その具体的なものの一つに昨年から販売し始めた「20年古酒の1997酒造り宗利」や、今年初めて造った酒で、これから販売する「華燭 無吟香吟醸酒」があります。前者は常温のタンクで20年熟成した古酒ですが、普通の古酒のよりずっと色が薄く熟成香が弱いけどテクスチャーが素晴らしく、柔らかくスウットと飲めるお酒です。後者は吟醸造りだけれでも吟醸香が全くないお酒を造ったそうで、お燗にすると最高にその実力を発揮する酒でした。いずれも宗利さんが造った逸品だと思います。詳しい内容は後で紹介します。そのほか発酵食品の開発に凝っていて、すでに食べる甘酒、塩麹より優しい醴塩、造り酒屋のこだわりの味噌を造って販売していますが、これからもっといろいろな発酵商品を増やしていくそうです。
克宗さんも負けてはいません。売りを目的としたお酒造りは宗利さんの酒造り技術を踏襲するだけでなく、その中に自分の技をきらりと埋め込んで一層完成させると同時に、新しいチェレンジもしているそうです。新しいチャレンジを行うと言っても今風なものではなく、オリジナリティの高い新しい酒造りのようです。一つだけ見せてもらった物のは4-5%の微炭酸低アルコール酒で、飲ませてもらったけど僕には飲みやすいけどアルコールが低すぎる気がしましたが、さらに改良して何とか商品化したいそうです。

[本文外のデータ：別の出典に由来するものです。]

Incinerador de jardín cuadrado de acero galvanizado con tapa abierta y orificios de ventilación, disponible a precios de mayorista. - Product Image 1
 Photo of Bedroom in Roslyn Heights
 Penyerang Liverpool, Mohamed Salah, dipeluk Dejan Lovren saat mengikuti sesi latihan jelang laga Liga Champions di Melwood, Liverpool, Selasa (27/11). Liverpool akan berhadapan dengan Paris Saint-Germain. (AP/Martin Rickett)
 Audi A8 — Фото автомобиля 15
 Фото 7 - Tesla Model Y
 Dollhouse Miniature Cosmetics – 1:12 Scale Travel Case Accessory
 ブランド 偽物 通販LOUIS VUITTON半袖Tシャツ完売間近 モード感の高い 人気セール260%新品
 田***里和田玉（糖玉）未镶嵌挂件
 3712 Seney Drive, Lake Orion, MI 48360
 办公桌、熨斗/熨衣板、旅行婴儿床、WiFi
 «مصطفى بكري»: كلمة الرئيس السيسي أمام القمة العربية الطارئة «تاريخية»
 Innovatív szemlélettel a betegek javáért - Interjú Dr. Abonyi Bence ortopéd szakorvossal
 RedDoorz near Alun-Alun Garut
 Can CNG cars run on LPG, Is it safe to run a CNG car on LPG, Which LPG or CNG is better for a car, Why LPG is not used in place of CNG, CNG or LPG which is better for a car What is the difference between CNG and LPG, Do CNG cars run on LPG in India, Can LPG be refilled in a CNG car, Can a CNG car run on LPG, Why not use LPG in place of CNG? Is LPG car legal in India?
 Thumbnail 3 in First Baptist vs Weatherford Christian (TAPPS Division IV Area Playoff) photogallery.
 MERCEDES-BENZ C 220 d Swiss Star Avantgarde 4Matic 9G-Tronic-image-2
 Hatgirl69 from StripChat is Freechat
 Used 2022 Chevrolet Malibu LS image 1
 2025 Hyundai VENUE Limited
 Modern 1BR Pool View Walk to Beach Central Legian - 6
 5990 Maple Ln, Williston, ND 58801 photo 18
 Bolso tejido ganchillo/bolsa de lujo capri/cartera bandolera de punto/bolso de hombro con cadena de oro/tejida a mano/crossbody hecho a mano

こうやって見ると、今年から新しい弥次喜多コンビの親子による新しい酒造りがスタートする元年になりような予感がします。業界をあっと言わせるお酒を発信してもらいたいけど、お話を聞いてみると、これで儲けてやろうというような気合は感じない、とても自然体の取り組んでいる姿勢が良いなと思いました。とても息の合ったお二人のように思えました。
<蔵見学>
それではどんな蔵で酒造りをしているのかを見学させていただきました。次に蔵の見学の様子をお見せしますが、2000年一度訪問したことがあるのですが、外観はほとんど変わっていない気がしました。
蔵の正面の建屋です。昔のままです。
書面玄関の入口の土間です。18年前とほとんど変わっていませんでした。
洗い場のようですが、奥に薮田の搾り機が見えます。床はコンクリートで今流行りのリノリウムではありませんでした。
次の写真には和釜と放冷機が見えますが、古いものを使っています。
麹室は石壁でしたが、内部は木製だそうです。室は1部屋しかないので、温度管理が大変だそうです。いずれ変えなければいけないと考えているようでした。中には天幕式の製麹機と中箱(10~15kg)の床があるだけだそうです。
仕込み部屋の2階が麹のさらしと酒母室になっているようです。
搾り機の隣に手製の袋搾り機のようなものがありました。組み立て型の槽搾り機のようなものらしいです。この写真ではどう使うかわからないでしょうね。良いお酒はこれで絞った後薮田を使うそうです。
貯蔵室は結構広くて沢山の密閉型のタンクが並んでしました。ここのどこかに20年古酒のタンクがあるようです。 空調設備はありません。
ご覧いただければわかるようにサーマルタンクが1本もありません。それはこの蔵のお酒は基本が火入れして常温貯蔵するのがベースなので、生原酒は冬場だけしているためにサーマルタンクがいらないそうです。
火入れの基準は瓶貯蔵するものは1回火入れ、タンク貯蔵するのは2回火入れだそうです。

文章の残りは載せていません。